GE 34: AI - A gift or a curse for software vendors?

GE 34: AI - A gift or a curse for software vendors?

Does the ubiquity and accessibility of AI tools make it easier for companies to build their own solutions and avoid investing in third-party SaaS products?

There is a choice of AI tools available now for every stage of the software lifecycle including user discovery, prototype design and code generation. Generative AI tools have the potential to totally replace certain types of software such as knowledge management, training and customer support tools.

"Generative AI can create new content and ideas, from text to images to music, and it's revolutionizing fields like customer service and training." - Gartner, Inc.

Companies looking for collaboration, workflow, document management, research, customer relationship and data reporting solutions may feel that the additional AI assistance tips the balance back onto the build side of the familiar build/buy argument. Internal solutions could potentially be built more quickly for less money and have advanced capabilities that were not possible just 12 months ago.

Such companies own vast amounts of data and documentation that could be put to use for training purposes. They have direct access to internal subject matter expertise and they could build unique solutions that may provide a competitive advantage.

"Data is the new oil. Those who own the data, own the future." - Clive Humby, Mathematician and Data Scientist

Code generation abilities allow teams to generate code for different platforms even if the internal development team is not expert in the required languages. Junior and mid-level development positions could eventually be replaced or supplemented with AI code generation.

Debugging, testing and deployment activities can also be accelerated using AI tools which significantly reduces the traditional risks associated with the build option and again reduces cost and time.

So how worried should software vendors be? Well despite all of the above, there are several good reasons why vendors have a reason to be optimistic about their collective futures.

New Technology Adoption

Established software companies are used to adopting new technology. In the last ten years, we have seen rapid adoption of cloud services, the harnessing of big data and rapid implementation on a variety of mobile platforms. Each new technology brings risks and opportunities and software vendors have the people, processes and experience to exploit these opportunities while managing the risks.

"The adoption of new technologies always brings a mix of risks and opportunities. Companies that manage to balance innovation with risk management will thrive." - Harvard Business Review

The business model of these companies relies on their ability to do this in a repeatable, predictable way and their reputations are built on how they execute against their technology strategy. The stakes are high which drives a good balance of cautious innovation.

This becomes increasingly important when solutions are large, complex and mission-critical. It is one thing to use AI for say an experimental service assistant in a single department, quite another to embed AI-driven decision making in a core part of the business that affects the entire organization.

The Power of the Crowd

Software vendors have multiple customers who can be diverse in size, location, risk tolerance and industry sector. When introducing a new technology such as AI, it is incredibly useful to survey this customer base and understand how the new technology is being introduced, what benefit is being derived and what lessons have been learnt. The term best-practice is perhaps over-used in product marketing circles - but when you have hundreds of customers who have an AI project in play there is a lot of information available.

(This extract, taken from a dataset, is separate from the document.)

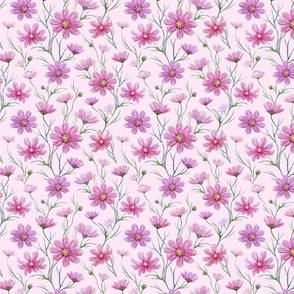 Cosmos Aster pink floral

Software vendors are able to learn quickly. What is working? What is not working? Where are the real risks and where is the real value? When this learning is shared, it can save an individual company weeks and months with their own implementation. A facility that is just not available when building a solution in isolation.

The Safety of the Crowd

For highly regulated industries such as Financial Services and Healthcare, there is also a level of safety in being part of a software vendor community. Sure, bad things can and do still happen, but they happen to a collective. The industry benchmark falls temporarily, but issues are addressed quickly as the vendor and the community pool their resources to respond and rectify issues. From a regulatory point of view, an individual firm is not isolated and is less likely to be heavily disciplined if the issue is prevalent across the industry.

The +1 Effect

Artificial Intelligence is powerful of course, but by itself is of limited utility. AI applications need a collection of reliable data from which to work and need to be plugged in the right places in the end-to-end workflow. The right users need to be provided access and those users need to be trained and provided support. This “application infrastructure” is not trivial to build and frankly is not as interesting to build for internal development teams as more in-vogue technology such as artificial intelligence and machine learning.

"AI enhances existing capabilities, making processes more efficient and data-driven decisions more accurate." - Accenture

However, mature software platforms already have these features in abundance. More importantly, practically every one of a platform’s existing capabilities can be augmented with AI. This is the +1 effect. Data ingestion processes become more flexible and powerful. Documentation can be automatically generated and easier to search. Integrations become easier to implement and test. Reporting and analytical tools are able to answer more sophisticated business questions. Forecasting and predictive tools become viable, easier to deliver and more accurate.

Software vendors can take all of their existing expertise, domain knowledge and platform capability and combine this with advances in AI to deliver these +1s. And it is the nature of AI implementation, that many of the enhanced capabilities take less time to develop than traditional new features.

Conclusion

AI can be a gift for software vendors provided they understand their role in its future story. Vendors can add the most value by applying their years of experience and software engineering discipline. They can ensure that AI is being implemented in a safe, ethical and reliable way that is fit for an Enterprise’s mission-critical applications.